Taciturno, franzindo a testa e estreitando o olhar, percebeu-se inserido em sua própria retrospectiva, composta por precoces lutas e vitórias. Lembrou-se do trabalho árduo e do reconhecimento através de prêmios e títulos. Pensou na dedicação que lhe rendeu os mais altos postos aspirados por seus pares, em detrimento do que ao final, pareceu faltar-lhe. Seu par.
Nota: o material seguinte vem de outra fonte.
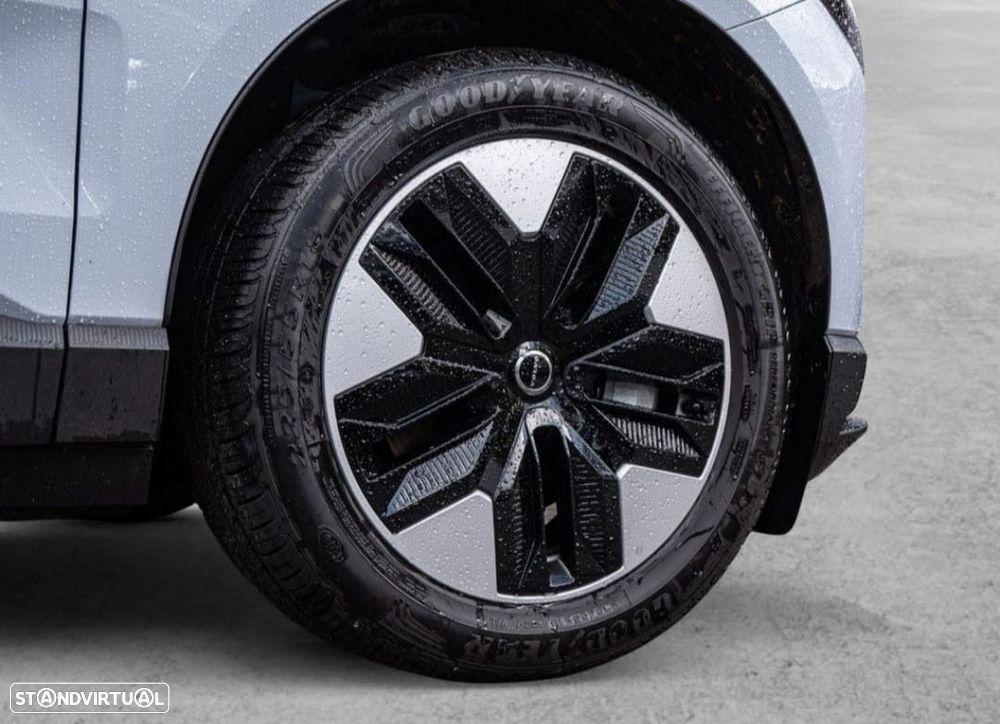 Volvo EX30 69 kWh Single Motor Extended Range Plus - 4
Então, lembrou-se dela. A última mulher. A última paixão. Significativa conexão perdida entre o passado e o presente. Sempre presente. Lembrou-se do seu sorriso, o mais belo e sincero. Pensou no medo, nas incertezas e na necessidade de permanência que o fizeram deixá-la passar. Escapar. À época, tudo pareceu-lhe uma profunda desordem. No entanto, hoje sabe que desordenados eram seus pensamentos. Julgou-se por ter sido soberbo e até grosseiro. Por ter falado sem se ouvir. Condenou-se culpado pelos sentimentos escondidos, camuflados. E por ter silenciado. Por fim, perdoou-se por se reconhecer humano.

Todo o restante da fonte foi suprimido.